◆ Directions for this task ◆
What's needed: every entry, printed exactly, minus the images.

◆ Data records ◆
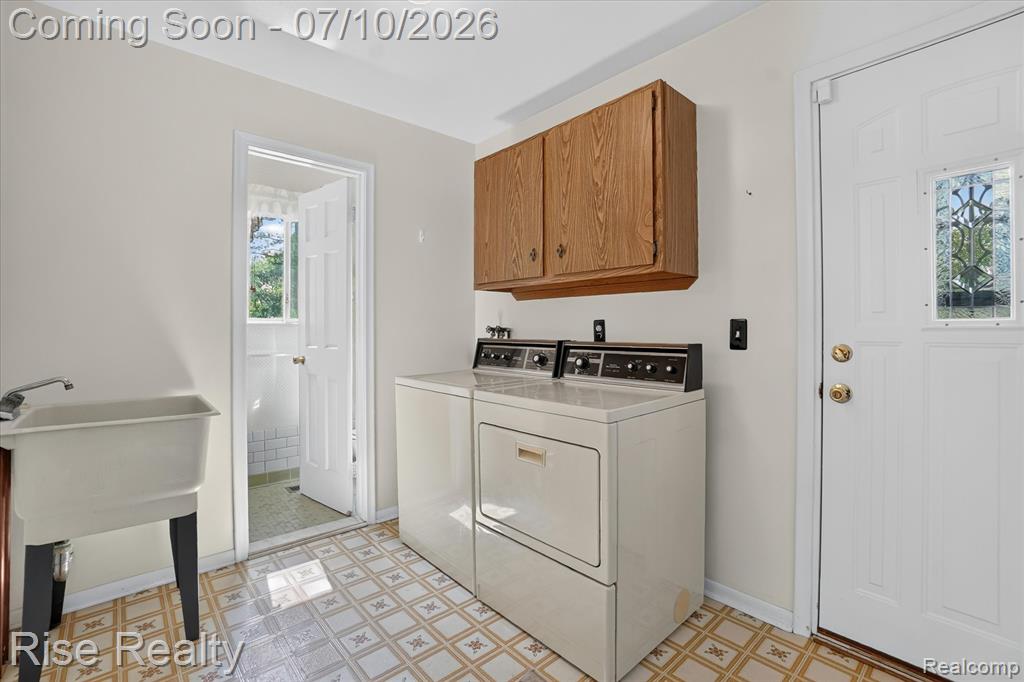 10376 Ataberry Drive, Clio, MI 48420 — Photo 14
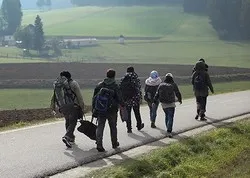 La police française falsifie les dates de naissance des mineurs migrants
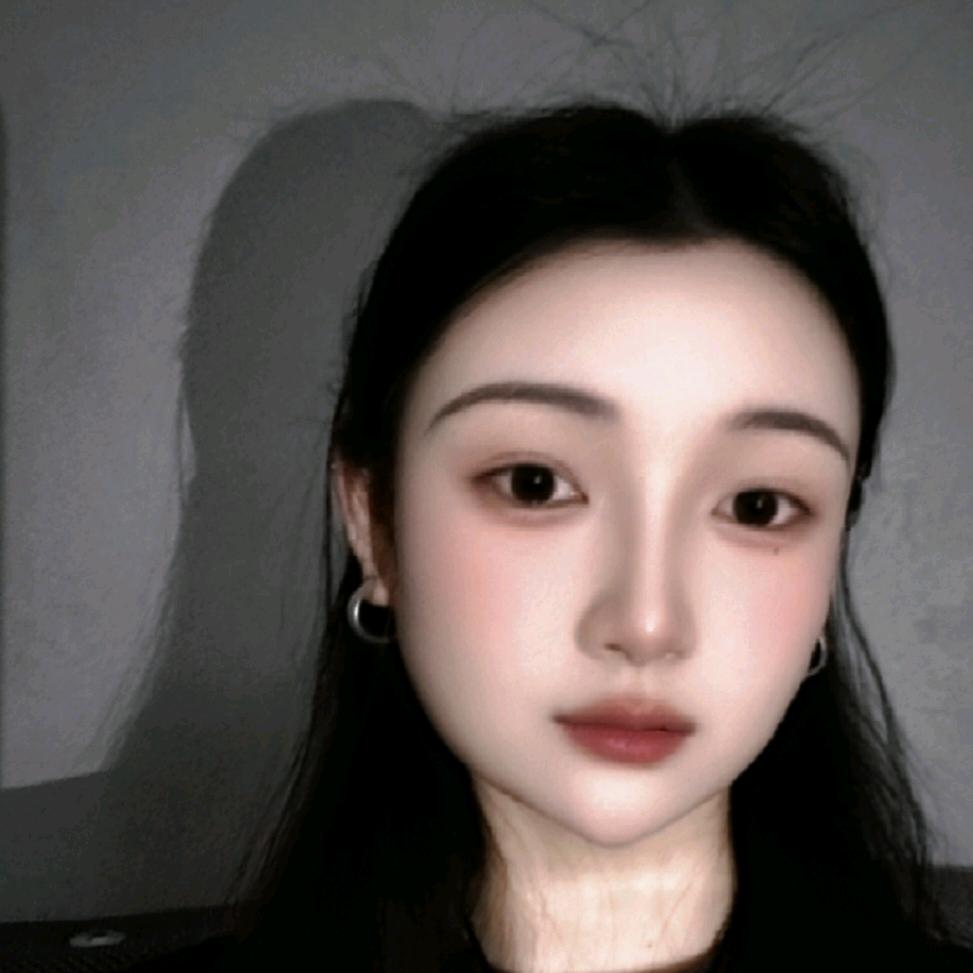 在松挑做家具的小齐
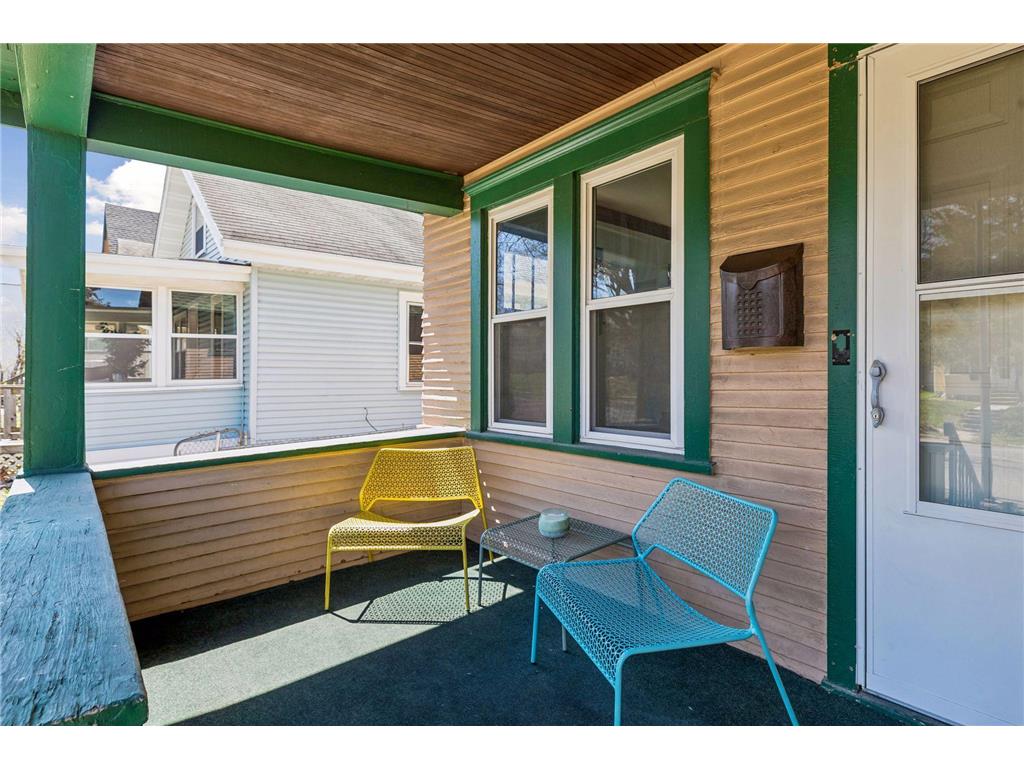 1087 Western Avenue N Saint Paul MN 55117 7060016 image2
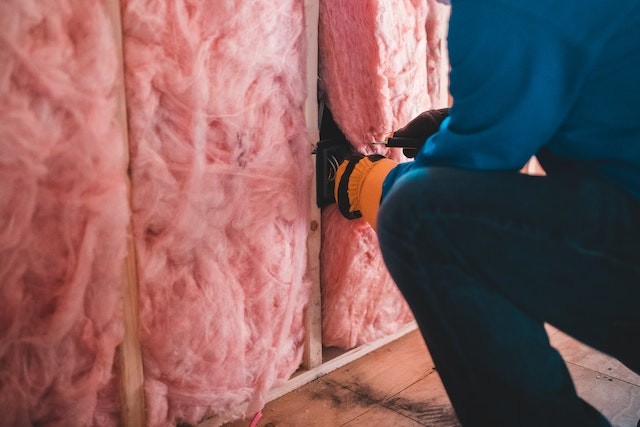 insulation-reduce-living-cost-to-make-home-eco-friendly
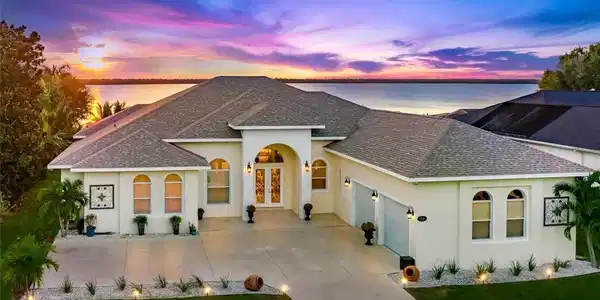 766 Sunset Pointe Drive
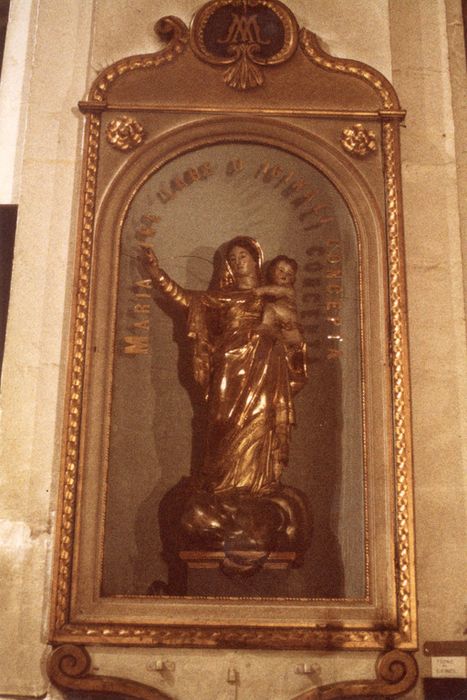 statue : Vierge à l'Enfant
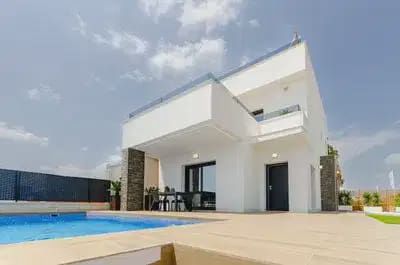 3 soverom Villa til salgs i Vistabella, Orihuela med svømmebasseng garasje - € 395 000 (Ref: 10080412)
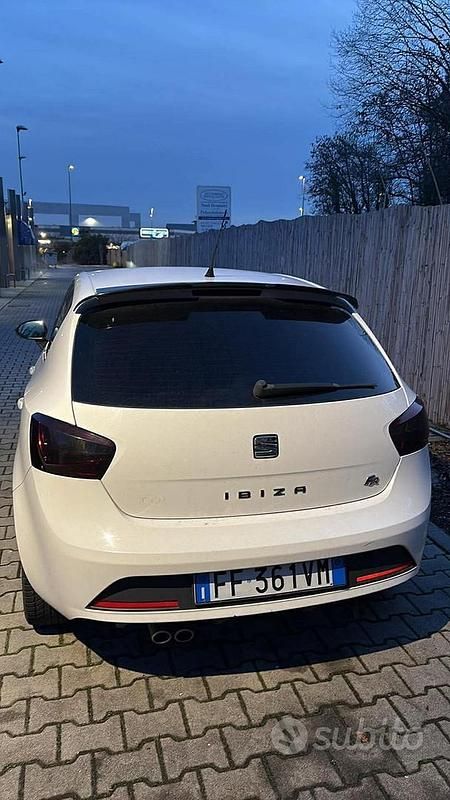 Usata Seat Ibiza FR 90 CV (66 kW) 2016 Bianco Berlina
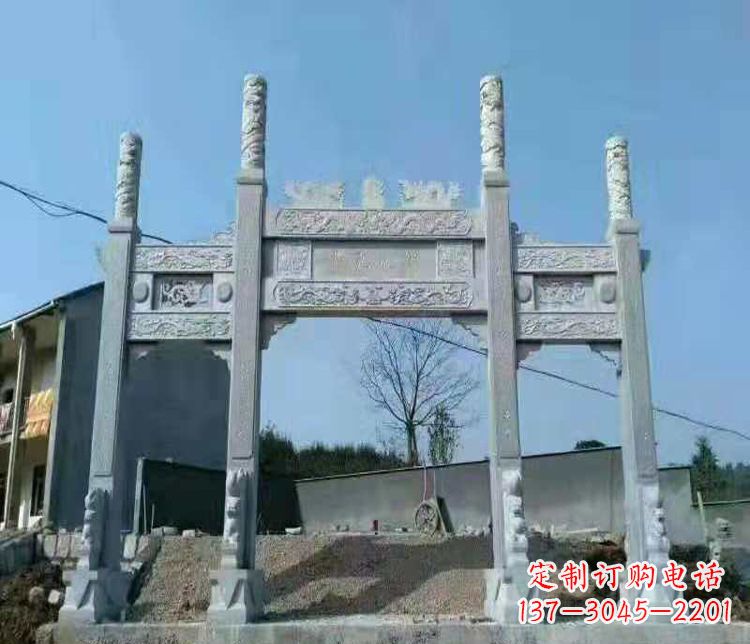 益阳三门仿古牌坊石雕,精致雕刻典雅之美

◆ Result of the task ◆
 10376 Ataberry Drive, Clio, MI 48420 — Photo 14
 La police française falsifie les dates de naissance des mineurs migrants
 在松挑做家具的小齐
 1087 Western Avenue N Saint Paul MN 55117 7060016 image2
 insulation-reduce-living-cost-to-make-home-eco-friendly
 766 Sunset Pointe Drive
 statue : Vierge à l'Enfant
 3 soverom Villa til salgs i Vistabella, Orihuela med svømmebasseng garasje - € 395 000 (Ref: 10080412)
 Usata Seat Ibiza FR 90 CV (66 kW) 2016 Bianco Berlina
 益阳三门仿古牌坊石雕,精致雕刻典雅之美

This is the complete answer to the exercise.